What happened

When widely followed electric vehicle maker NIO (NIO 5.16%) reported its monthly deliveries for October, investors were surprised at the sudden drop versus prior months. But it looks as if the company took a step back last month in order to move two steps forward. Investors interpreted November delivery results in that light, and the stock popped more than 4% in early trading today. At 10:10 a.m. ET, some of those gains had faded, but shares remained up 2.5%.

So what

Last month, October deliveries of only 3,667 vehicles surprised many investors. That figure represented a decrease of 27.5% year over year, after NIO's electric car shipments over the first nine months of 2021 marked an increase of more than 150% compared to the prior-year period. But there was a reason for the October results, and today NIO confirmed that they represented a one-time drop after it reported record monthly deliveries in November.  

rear view of white Nio ES8 SUV destined for sale in Norway.

NIO began shipping its ES8 SUV to customers in Norway this year. Image source: NIO.

Now what

The sharp drop in October deliveries came as the company undertook "restructuring and upgrades of manufacturing lines and the preparation of new products introduction." That was in preparation to double its capacity as well as for production of its new ET7 luxury sedan, scheduled to begin in early 2022. Next year, NIO will also begin shipping the new model to Norway, where it has already established a presence and begun sales of its ES8 SUV. 

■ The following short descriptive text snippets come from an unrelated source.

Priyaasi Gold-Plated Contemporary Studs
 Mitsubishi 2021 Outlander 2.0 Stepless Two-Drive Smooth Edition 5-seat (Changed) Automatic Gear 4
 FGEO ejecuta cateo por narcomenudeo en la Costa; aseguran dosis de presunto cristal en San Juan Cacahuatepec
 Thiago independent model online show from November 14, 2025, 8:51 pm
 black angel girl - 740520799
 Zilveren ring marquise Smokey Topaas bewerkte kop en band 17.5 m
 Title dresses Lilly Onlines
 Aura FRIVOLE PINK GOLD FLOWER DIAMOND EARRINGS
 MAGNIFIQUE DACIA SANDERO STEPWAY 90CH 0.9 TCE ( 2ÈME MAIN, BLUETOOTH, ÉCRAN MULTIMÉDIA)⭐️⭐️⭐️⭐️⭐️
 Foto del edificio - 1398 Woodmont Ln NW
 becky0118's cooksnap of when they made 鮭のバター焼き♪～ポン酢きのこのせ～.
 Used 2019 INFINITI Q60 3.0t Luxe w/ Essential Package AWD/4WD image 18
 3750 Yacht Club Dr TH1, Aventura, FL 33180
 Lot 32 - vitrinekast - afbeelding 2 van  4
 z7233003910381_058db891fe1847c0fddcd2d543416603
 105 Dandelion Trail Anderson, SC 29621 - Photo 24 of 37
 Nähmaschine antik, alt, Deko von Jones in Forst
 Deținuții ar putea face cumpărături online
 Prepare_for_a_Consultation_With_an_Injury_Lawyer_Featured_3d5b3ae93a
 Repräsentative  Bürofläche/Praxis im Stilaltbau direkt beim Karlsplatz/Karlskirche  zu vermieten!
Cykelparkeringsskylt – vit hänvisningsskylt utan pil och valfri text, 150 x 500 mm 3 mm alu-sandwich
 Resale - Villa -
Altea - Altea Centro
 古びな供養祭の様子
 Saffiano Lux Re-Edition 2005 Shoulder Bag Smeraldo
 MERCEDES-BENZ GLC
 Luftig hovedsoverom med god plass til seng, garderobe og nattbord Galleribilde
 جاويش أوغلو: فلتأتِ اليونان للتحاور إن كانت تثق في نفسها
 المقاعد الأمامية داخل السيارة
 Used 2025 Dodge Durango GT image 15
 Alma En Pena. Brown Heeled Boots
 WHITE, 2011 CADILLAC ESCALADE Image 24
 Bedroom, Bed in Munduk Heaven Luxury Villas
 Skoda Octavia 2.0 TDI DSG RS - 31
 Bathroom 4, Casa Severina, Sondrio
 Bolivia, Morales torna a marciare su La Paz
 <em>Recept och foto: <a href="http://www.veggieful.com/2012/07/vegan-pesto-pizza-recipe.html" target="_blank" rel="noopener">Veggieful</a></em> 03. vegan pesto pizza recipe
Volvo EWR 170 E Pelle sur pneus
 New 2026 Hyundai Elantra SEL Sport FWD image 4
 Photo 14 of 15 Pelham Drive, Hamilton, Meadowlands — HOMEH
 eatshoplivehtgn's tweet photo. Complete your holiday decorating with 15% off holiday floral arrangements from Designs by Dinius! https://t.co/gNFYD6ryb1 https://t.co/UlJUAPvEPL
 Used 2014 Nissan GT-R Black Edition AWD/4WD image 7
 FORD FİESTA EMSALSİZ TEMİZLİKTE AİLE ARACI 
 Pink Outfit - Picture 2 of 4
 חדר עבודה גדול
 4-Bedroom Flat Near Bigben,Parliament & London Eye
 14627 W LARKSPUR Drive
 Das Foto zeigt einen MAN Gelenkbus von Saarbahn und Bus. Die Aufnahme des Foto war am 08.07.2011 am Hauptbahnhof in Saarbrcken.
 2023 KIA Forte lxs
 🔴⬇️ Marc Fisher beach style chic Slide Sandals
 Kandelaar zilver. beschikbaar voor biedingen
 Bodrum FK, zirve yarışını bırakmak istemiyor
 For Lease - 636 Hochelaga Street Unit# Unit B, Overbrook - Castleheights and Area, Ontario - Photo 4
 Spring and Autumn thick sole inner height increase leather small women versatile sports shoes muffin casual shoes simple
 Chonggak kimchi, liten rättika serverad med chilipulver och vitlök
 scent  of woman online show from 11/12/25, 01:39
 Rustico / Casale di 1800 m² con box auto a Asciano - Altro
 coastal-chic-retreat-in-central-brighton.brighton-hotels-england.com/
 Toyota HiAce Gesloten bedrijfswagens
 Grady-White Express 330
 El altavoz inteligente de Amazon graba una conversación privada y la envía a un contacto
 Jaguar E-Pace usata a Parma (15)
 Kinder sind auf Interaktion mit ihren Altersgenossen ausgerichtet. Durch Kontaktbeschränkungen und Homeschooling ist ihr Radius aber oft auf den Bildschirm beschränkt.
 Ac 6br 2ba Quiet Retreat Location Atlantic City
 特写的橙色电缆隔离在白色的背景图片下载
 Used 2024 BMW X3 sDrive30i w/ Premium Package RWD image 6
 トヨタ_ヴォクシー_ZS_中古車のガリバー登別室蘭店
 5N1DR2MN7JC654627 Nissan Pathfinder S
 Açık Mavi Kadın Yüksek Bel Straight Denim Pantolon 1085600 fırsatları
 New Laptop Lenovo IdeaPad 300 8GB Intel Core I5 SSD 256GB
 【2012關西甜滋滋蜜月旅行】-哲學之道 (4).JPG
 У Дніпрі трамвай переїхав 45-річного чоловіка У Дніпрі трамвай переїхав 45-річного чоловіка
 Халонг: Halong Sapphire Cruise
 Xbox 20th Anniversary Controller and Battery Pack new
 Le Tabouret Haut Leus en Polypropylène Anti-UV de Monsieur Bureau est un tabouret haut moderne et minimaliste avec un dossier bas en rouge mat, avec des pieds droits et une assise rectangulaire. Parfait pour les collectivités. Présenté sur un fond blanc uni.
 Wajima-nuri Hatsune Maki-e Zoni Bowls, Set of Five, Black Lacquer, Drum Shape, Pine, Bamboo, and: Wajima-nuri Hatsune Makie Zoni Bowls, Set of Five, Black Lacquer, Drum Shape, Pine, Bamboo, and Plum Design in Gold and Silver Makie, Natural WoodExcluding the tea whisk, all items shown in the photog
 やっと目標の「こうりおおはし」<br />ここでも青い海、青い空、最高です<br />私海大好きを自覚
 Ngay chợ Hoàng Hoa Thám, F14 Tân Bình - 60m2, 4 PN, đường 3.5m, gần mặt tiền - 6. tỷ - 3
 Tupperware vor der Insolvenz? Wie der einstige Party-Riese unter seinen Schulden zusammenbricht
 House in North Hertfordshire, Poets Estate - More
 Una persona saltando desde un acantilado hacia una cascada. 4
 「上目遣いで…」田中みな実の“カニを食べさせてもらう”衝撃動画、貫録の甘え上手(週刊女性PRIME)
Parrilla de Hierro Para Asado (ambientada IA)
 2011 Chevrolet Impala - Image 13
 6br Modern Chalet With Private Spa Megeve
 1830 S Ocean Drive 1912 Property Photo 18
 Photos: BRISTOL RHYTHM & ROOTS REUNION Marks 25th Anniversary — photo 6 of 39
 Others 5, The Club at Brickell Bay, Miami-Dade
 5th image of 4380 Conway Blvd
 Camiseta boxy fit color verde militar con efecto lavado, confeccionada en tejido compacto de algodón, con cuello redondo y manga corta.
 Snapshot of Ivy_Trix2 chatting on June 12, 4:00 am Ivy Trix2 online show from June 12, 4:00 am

The bounce back in November deliveries seems to confirm NIO's claims and to show there was no underlying issue related to supply chain constraints or demand. NIO has now delivered 80,940 vehicles in 2021, which is a jump of more than 120% from the same period in 2020. 

Investors today are showing a bit of relief that the prior month's results were merely a sign that the company is progressing in its expansion plans. The EV market has plenty of room to grow, and NIO expects to be a meaningful part of it in both China and Europe in the year ahead.